Partnership existts where two or more persons agree that they will run a business together, and actually do so. The existence of a partnership is very much a question of fact. The agreement to operate in partnership can be oral or in writing, or may even be implied by conduct. There is therefore no legal requirement for, although there are several advantages in, drawing up a partnership agreement.
Define partnership agreement.
Partnership agreement is a formal document setting out the terms of a partnership. It usually deals with the relationship between the partners and their relationships with third parties. It will often vary or amend key default provisions under the Partnership Act 1890 (PA).
Who can be a partner?
Generally, any legally capable person may enter into a partnership. Companies, as well as individuals, may be partners with other companies/individuals.
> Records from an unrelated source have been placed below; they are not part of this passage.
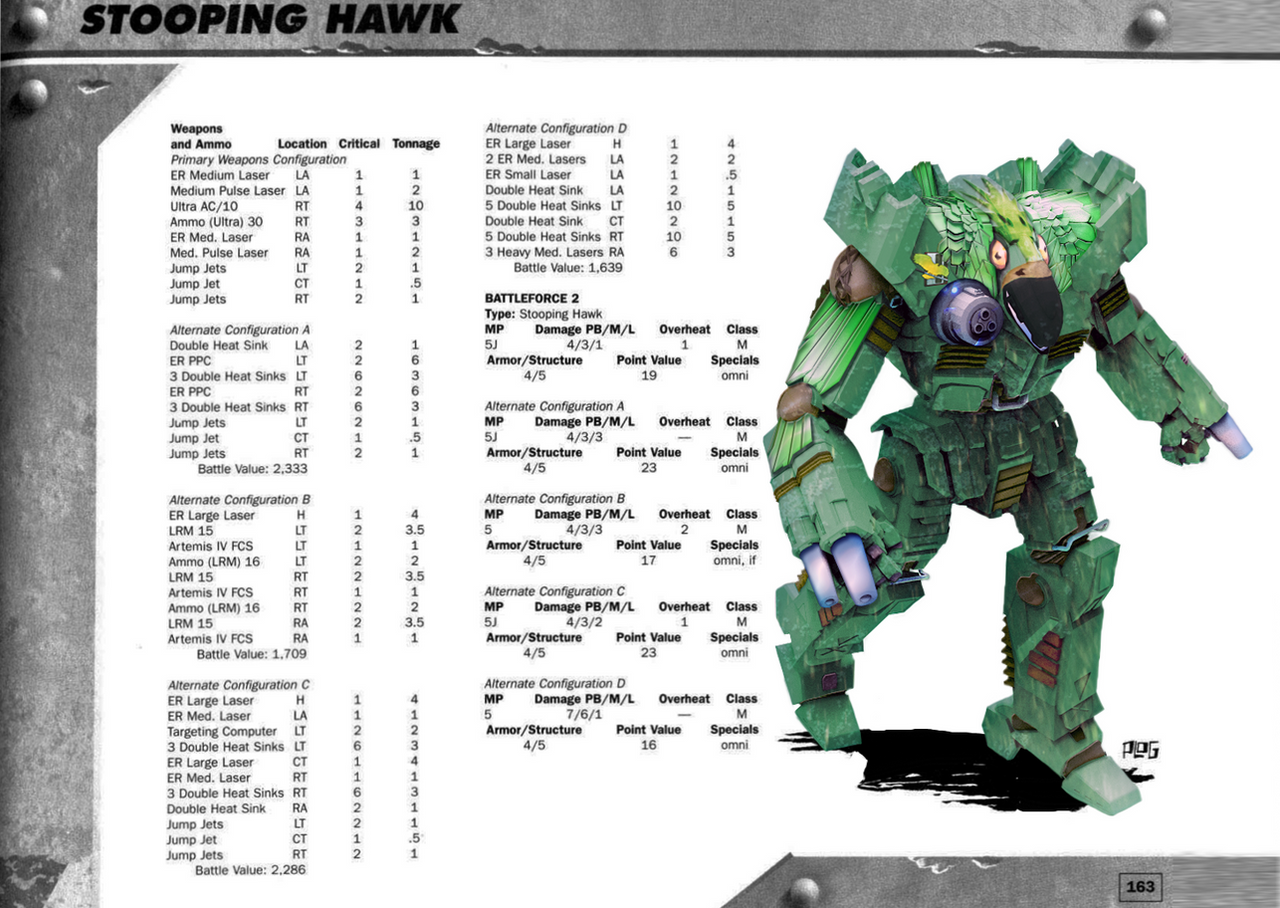 Stooping Raptor Image Stooping Hawk TRO 3060 by maxoconnor on DeviantArt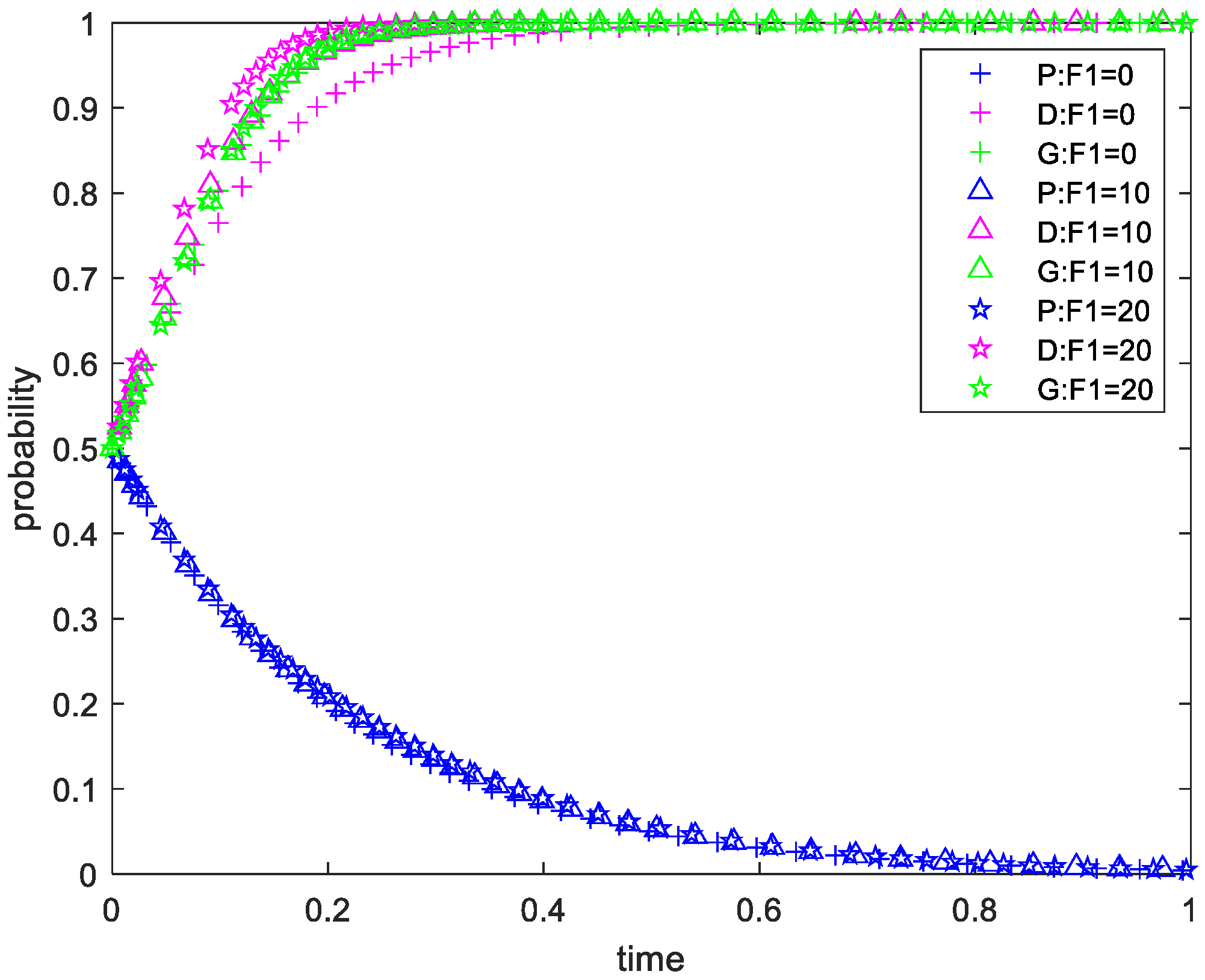 Sustainability 15 04884 g007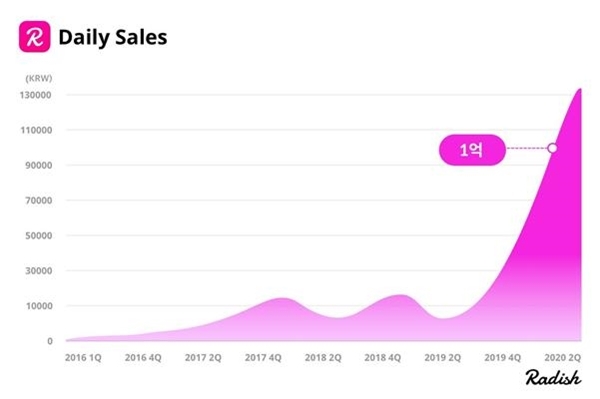 래디쉬 일 매출액 추이. 자료=래디쉬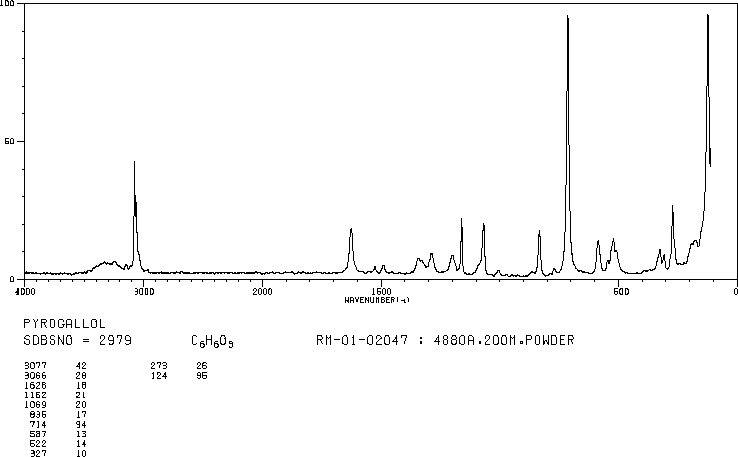 Pyrogallol(87-66-1) IR1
What is the maximum number of partners?
The maximum number of persons who may be members of a partnership used to be 20. However, certain professions (including solicitors and accountants) were exempt from this limit. Since 2002, no limits apply in any circumstances.
What is the law relating to naming the partnership?
The law relating to business names is contained in Part 41 of the Companies Act 2006 (CA). No restrictions will apply if the partnership name consists of only the surnames of all partners, with or without forenames or initials. In any other case, the CA will apply and certain words or expresssions forming part of the business name will require prior approval. These include words and expressions contained in the Company, Limited Liability Partnership and Business Names (Sensitive Words and Expressions) Regulations 2014.
Any partnership that uses a business name must also comply with the prescribed disclousre requirements under the CA (ss. 1200-1206). Generally, details about the partner must about the partners must appear at the main place of business and on partnership stationery.
What is the purpose of a written partnership agreement?
A formal partnership agreement is not a strict requirement, but it does have clear benefits, such as:
it provides evidence of the partners’ relations and of the partnership’s terms
it orverrides some of the provisions of the PA, which will automatically apply, except to the extenet that there is contrary agreement. Many of these ‘default provisions’ may have undesirable consequences for modern partnerships.
What are the default clauses in partnership agreements - the parties?
The parties: the parties to the agreement will be the partners. No new partners may be admitted without the consent of all the partners (s 24(7) PA). Although sensible for smaller partnerships, this may be unworkable for large ones.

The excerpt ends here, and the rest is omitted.